Ein Anlagenbetreiber betreibt seit dem Jahr 2007 eine Biogasanlage mit ursprünglich zwei BHKW. Im Jahr 2009 wurde die Anlage um ein weiteres BHKW mit einer installierten Leistung von 500 kW erweitert. Die beiden ursprünglichen BHKW werden seitdem lediglich noch als Redundanz-BHKW weiter genutzt. Noch vor dem 1. August 2014 ist die Anlage dann um ein weiteres BHKW mit einer installierten Leistung von 600 kW erweitert worden.

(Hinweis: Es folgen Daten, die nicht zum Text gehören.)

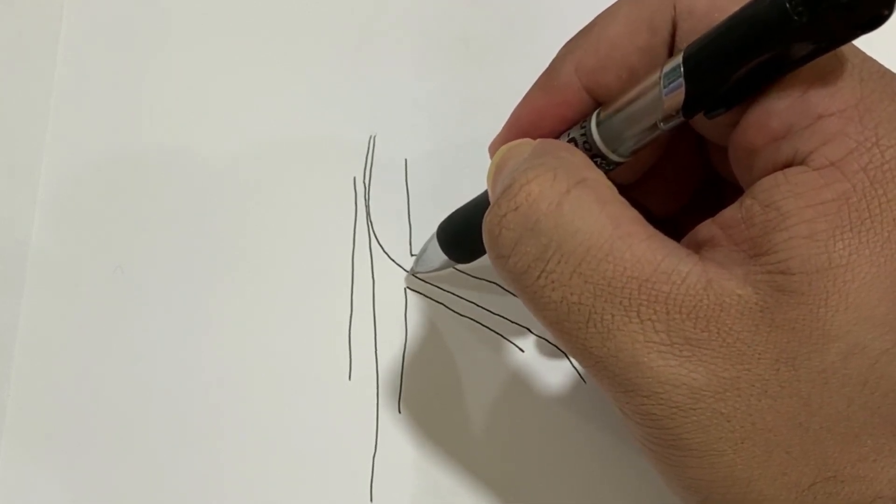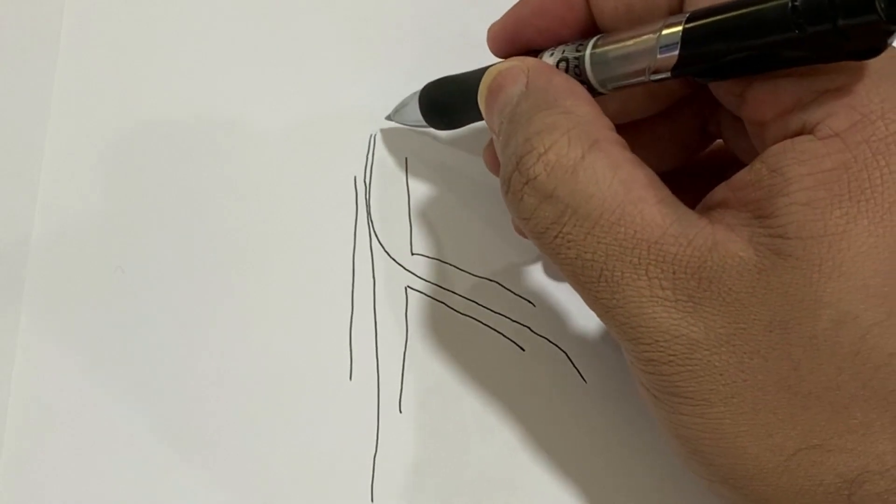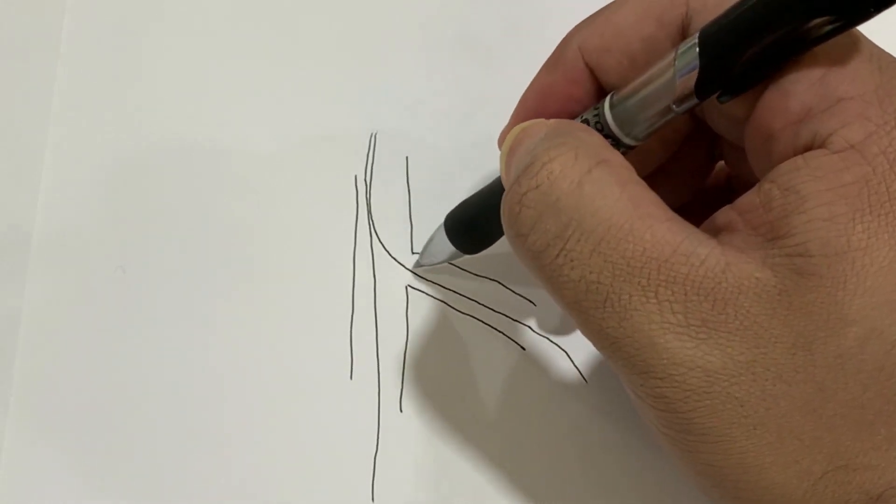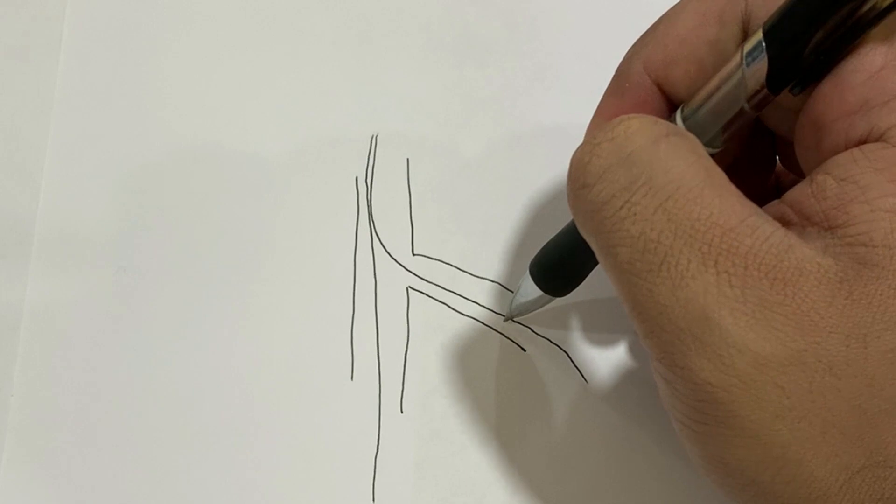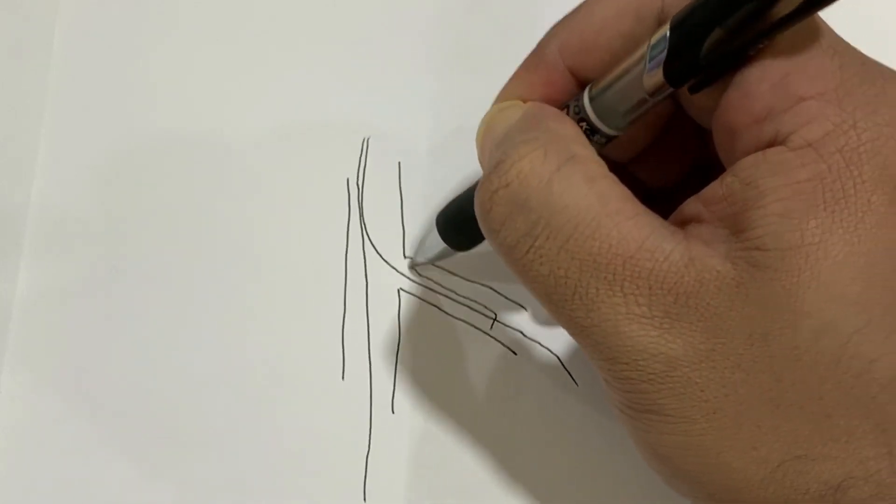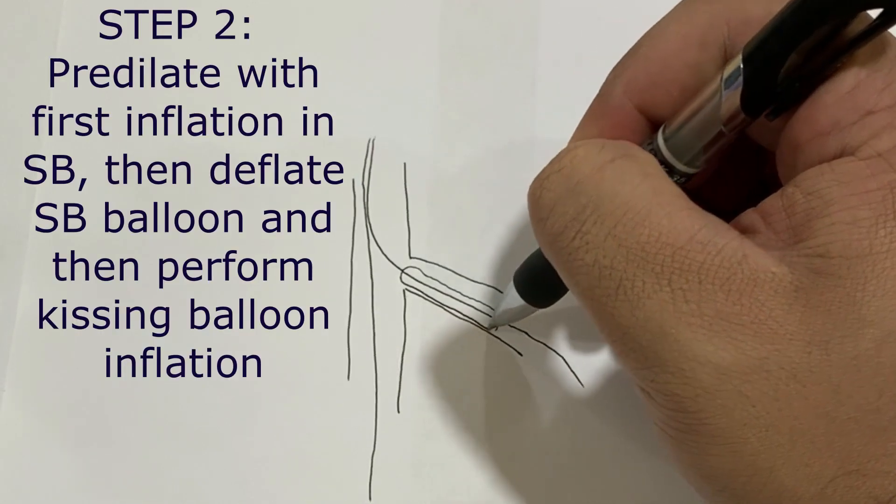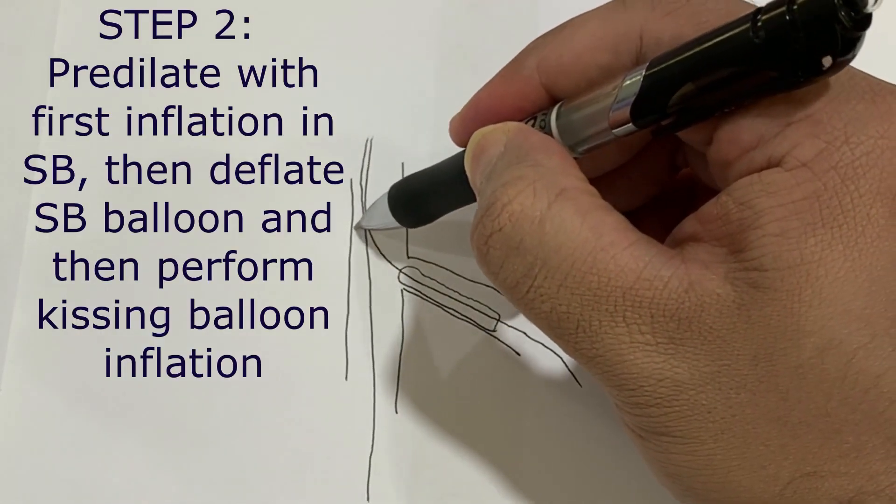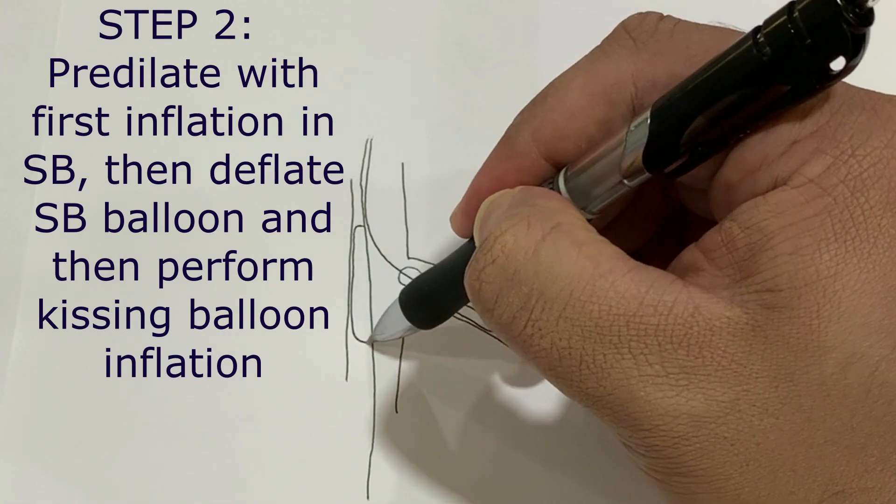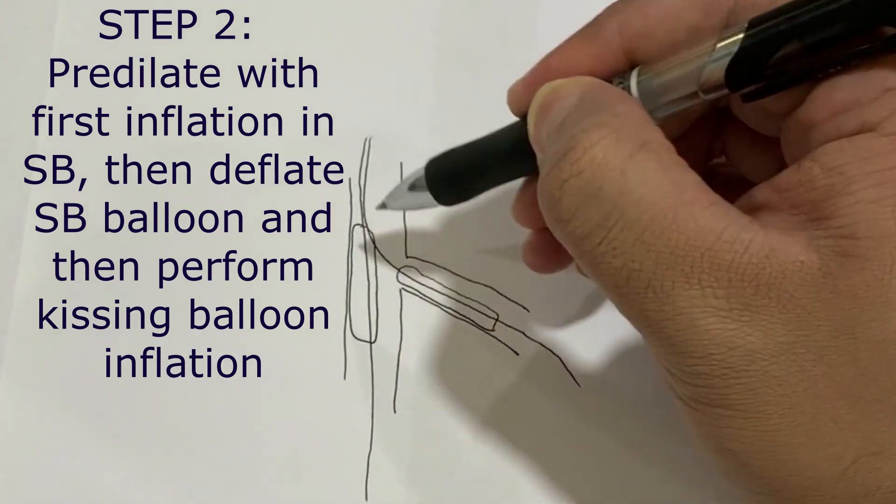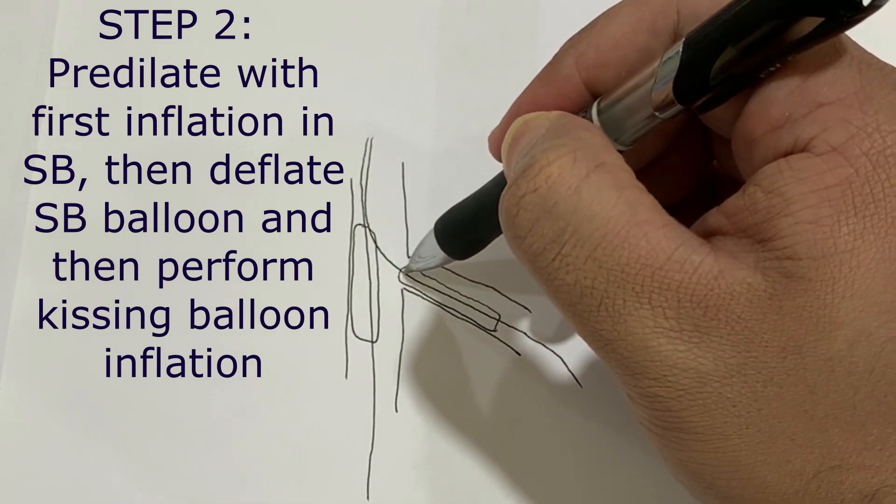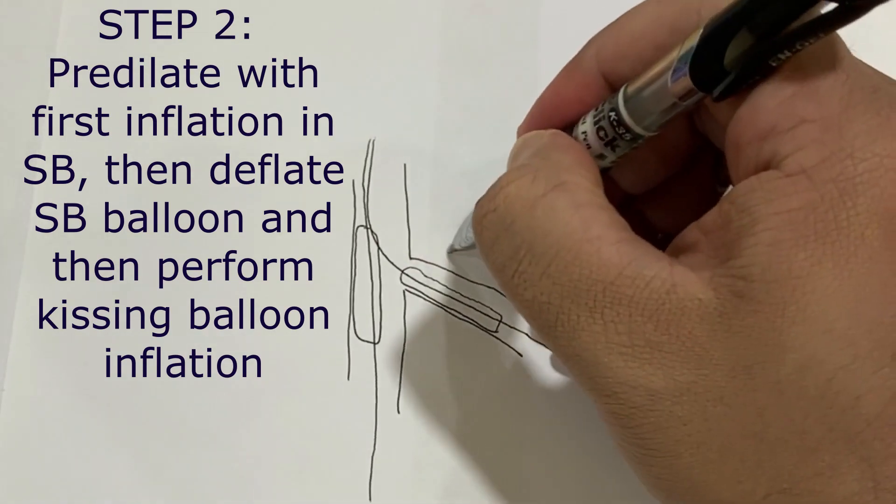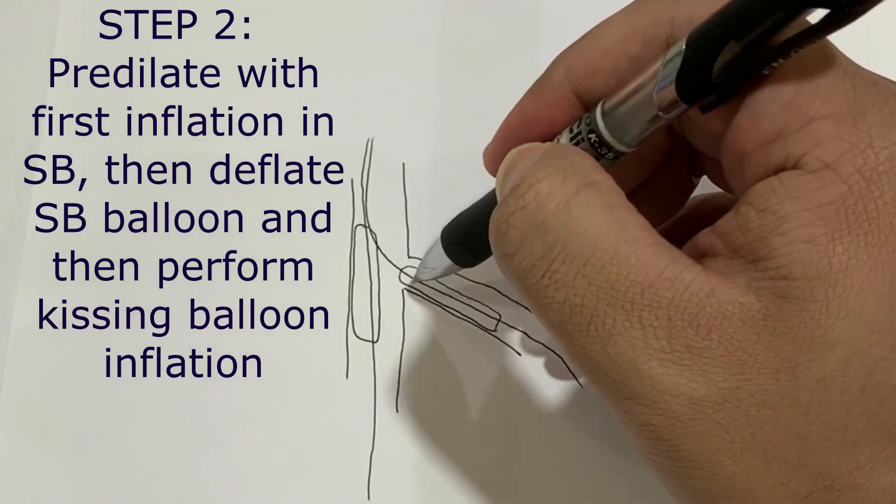Once you have wired these, try to use this wire as the more supportive wire. Bring a compliant balloon if you are using a six French guide to this wire. Bring another balloon, preferably NC, on this wire.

Jetzt plant der Anlagenbetreiber das 500-kW-BHKW aus dem Jahr 2009 an einen neuen Standort in einer Entfernung von ca. 4,5 Kilometern zum Anlagenstandort zu versetzen und dort als eigenständige Anlage weiter zu betreiben (sog. „Satelliten-BHKW“). Zudem sollen an dem neuen Standort zwei weitere BHKW zur Flexibilisierung (Flex-BHKW) in einem Abstand von etwa 5 Metern zum versetzten BHKW errichtet werden.

Alle drei BHKW sollen an eine gemeinsame Gassammelschiene angeschlossen und über eine Mikrogasleitung mit Biogas aus der Biogasanlage versorgt werden. Nach den Planungen sollen die BHKW in einem gemeinsamen BHKW-Gebäude unter Nutzung gemeinsamer Regelungstechnik betrieben und die erzeugte Wärme in ein Nahwärmenetz eingespeist werden.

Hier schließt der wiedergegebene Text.